Education in New Zealand
On the world stage, New Zealand performs well in education. It ranked 3rd out of 50 countries in The Economist’s 2019 Worldwide Educating for the Future Index, in addition to ranking 10th out of 167 in the Legatum Institute’s 2019 Prosperity index.
Education is a priority for the New Zealand government, which means that from early years teaching all the way up to higher education, they receive proper funding. Children will often start school at around the age of 4 or 5, and they will graduate at around the age of 17. School is separated into primary education and secondary education, with higher education following.
Cost of Living in New Zealand
The cost of living in New Zealand is comparatively high to other countries in most respects. This is mostly due to it being an island nation that requires mass importation. However, this mostly applies to foods, and you may save money in other areas. Let’s break them down in full.
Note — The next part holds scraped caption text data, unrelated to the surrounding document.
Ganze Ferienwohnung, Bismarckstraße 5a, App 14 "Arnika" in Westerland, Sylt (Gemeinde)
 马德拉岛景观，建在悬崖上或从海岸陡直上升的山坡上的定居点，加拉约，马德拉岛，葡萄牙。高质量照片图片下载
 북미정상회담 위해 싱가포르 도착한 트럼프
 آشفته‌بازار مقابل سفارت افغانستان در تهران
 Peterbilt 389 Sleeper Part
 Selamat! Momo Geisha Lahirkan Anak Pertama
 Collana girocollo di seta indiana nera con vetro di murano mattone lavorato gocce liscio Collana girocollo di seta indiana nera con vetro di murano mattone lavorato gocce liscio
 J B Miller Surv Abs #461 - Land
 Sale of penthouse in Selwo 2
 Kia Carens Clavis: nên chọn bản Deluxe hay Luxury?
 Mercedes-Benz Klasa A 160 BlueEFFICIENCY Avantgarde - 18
Each of these are estimates and of course will vary greatly based upon where you are aiming to relocate. Cities such as Auckland, Wellington, and Christchurch are up to 50% more expensive than their rural counterparts. Bear this in mind when considering your outgoings.
Food, Grocery & Restaurant Costs
- Approximate monthly expense for a single expat: NZ$700
- Approximate monthly expense for a family of four: NZ$1800
- Average cost of wine: NZ$7.00 – NZ$15.00
- Average cost of beer: NZ$8.00 – NZ$10.00
Public Transportation Fares
- Bus travel starts at NZ$1
- Train travel starts at NZ$2.50
- Bus travel starts at NZ$1.80
- Bus travel starts at NZ$2.00
- Train travel starts at NZ$2.50
- Cable car journeys are available for NZ$9.00
- Bus travel with GoCard: NZ$2.00
- Water Taxis start at NZ$10.00
- Bus travel starts at NZ$2.2
Cost of Internet
- Approximate monthly expense for a single expat: NZ$75
- Approximate monthly expense for a family of four: NZ$75
Cost of Clothing & Personal Items
The prices of clothing and personal items are very similar to those found worldwide, with many crossover brands. If you live in the United States, United Kingdom, or Australia, it is unlikely you will notice any significant difference.
Cost of Owning a Car
- Approximate monthly expense for a single expat: NZ$150
- Approximate monthly expense for a family of four: NZ$400
As is the case with many countries, the amount of tax you pay is dependent upon the amount of money you earn. In New Zealand, the tax brackets are as follows:
- Up to $14,000: 10.5% tax rate
- $14,000 – $48,000: 17.5% tax rate
- $48,000 – $70,000: 30% tax rate
- Anything over $70,000: 33% tax rate
Tax applies to most forms of income including, but not limited to, salary, earnings from rental properties, self-employment, and overseas income.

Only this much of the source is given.